_WHAT YOU NEED TO DO:_ Below are some records. Return exactly the lines from the one with "A photo of Una Crown" to the one with "Toyota Fortuner Legender, 2023, Diesel", and nothing else.

_DATASET ENTRIES:_

__________________________________________________

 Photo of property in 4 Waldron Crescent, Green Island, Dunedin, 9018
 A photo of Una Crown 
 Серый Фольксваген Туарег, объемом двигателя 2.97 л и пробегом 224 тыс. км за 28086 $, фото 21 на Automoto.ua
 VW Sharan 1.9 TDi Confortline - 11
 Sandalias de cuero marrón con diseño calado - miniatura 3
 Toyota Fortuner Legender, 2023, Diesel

__________________________________________________

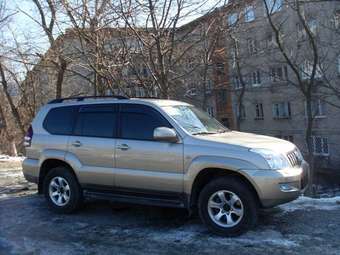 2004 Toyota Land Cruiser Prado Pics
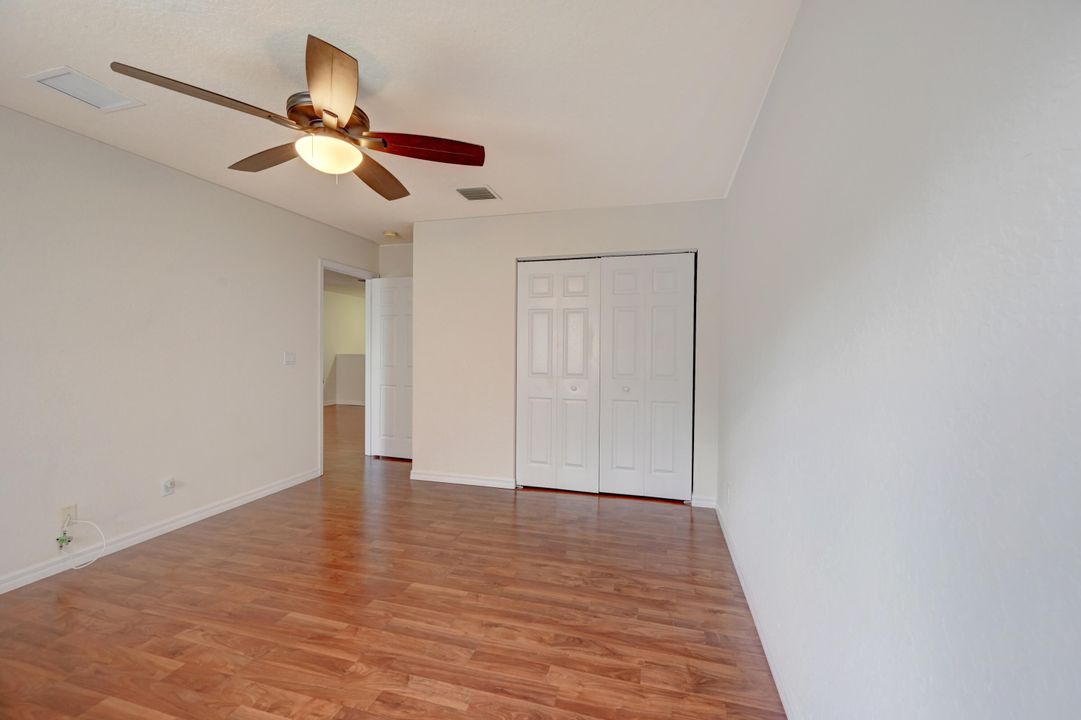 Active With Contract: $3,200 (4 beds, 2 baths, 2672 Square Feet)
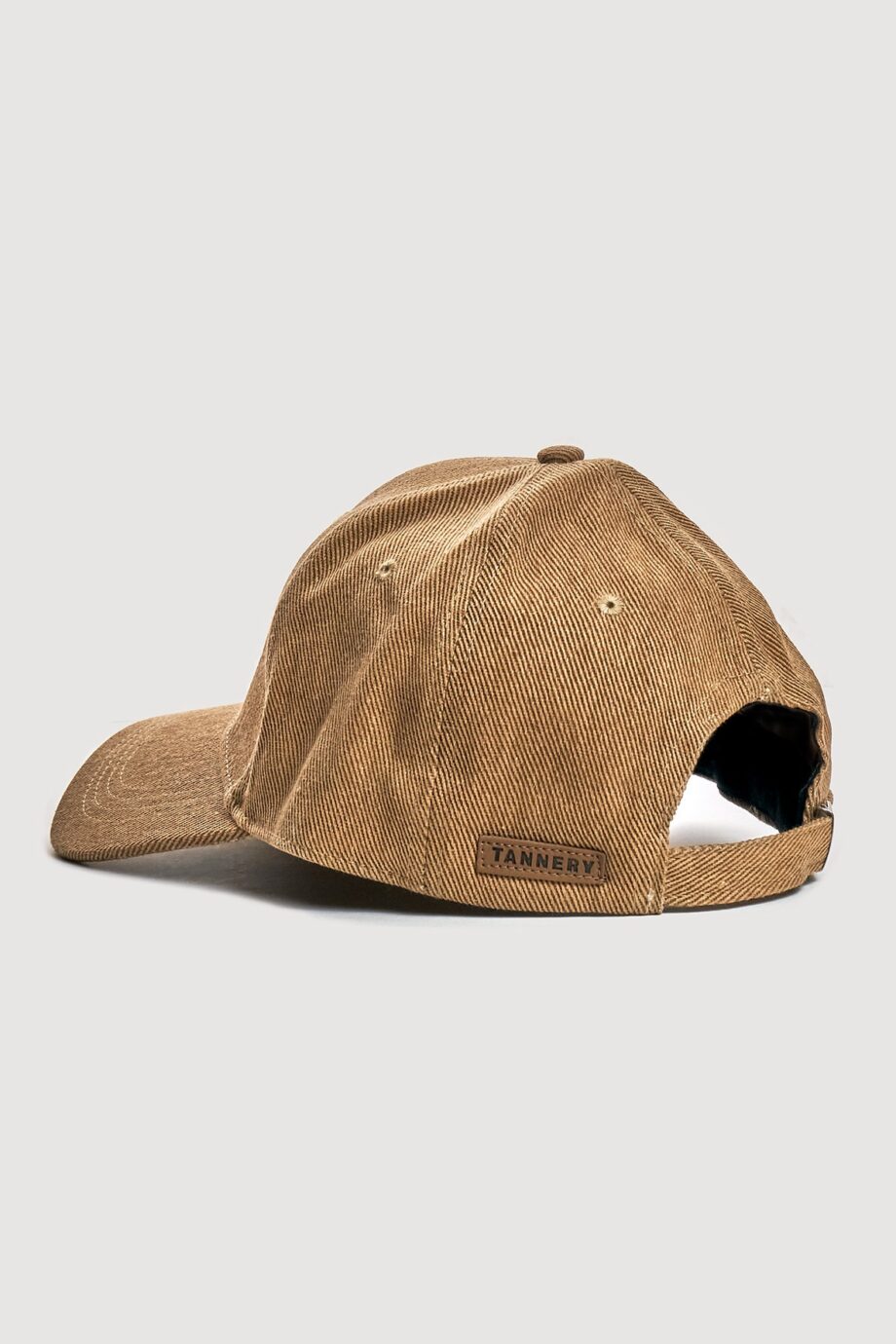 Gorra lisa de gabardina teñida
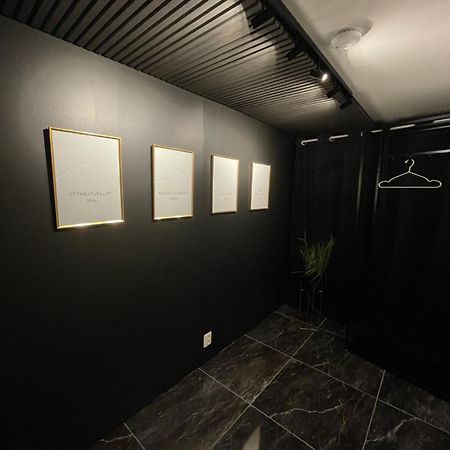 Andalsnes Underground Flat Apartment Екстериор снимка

__________________________________________________

_SOLUTION FOR THIS EXERCISE:_
 A photo of Una Crown 
 Серый Фольксваген Туарег, объемом двигателя 2.97 л и пробегом 224 тыс. км за 28086 $, фото 21 на Automoto.ua
 VW Sharan 1.9 TDi Confortline - 11
 Sandalias de cuero marrón con diseño calado - miniatura 3
 Toyota Fortuner Legender, 2023, Diesel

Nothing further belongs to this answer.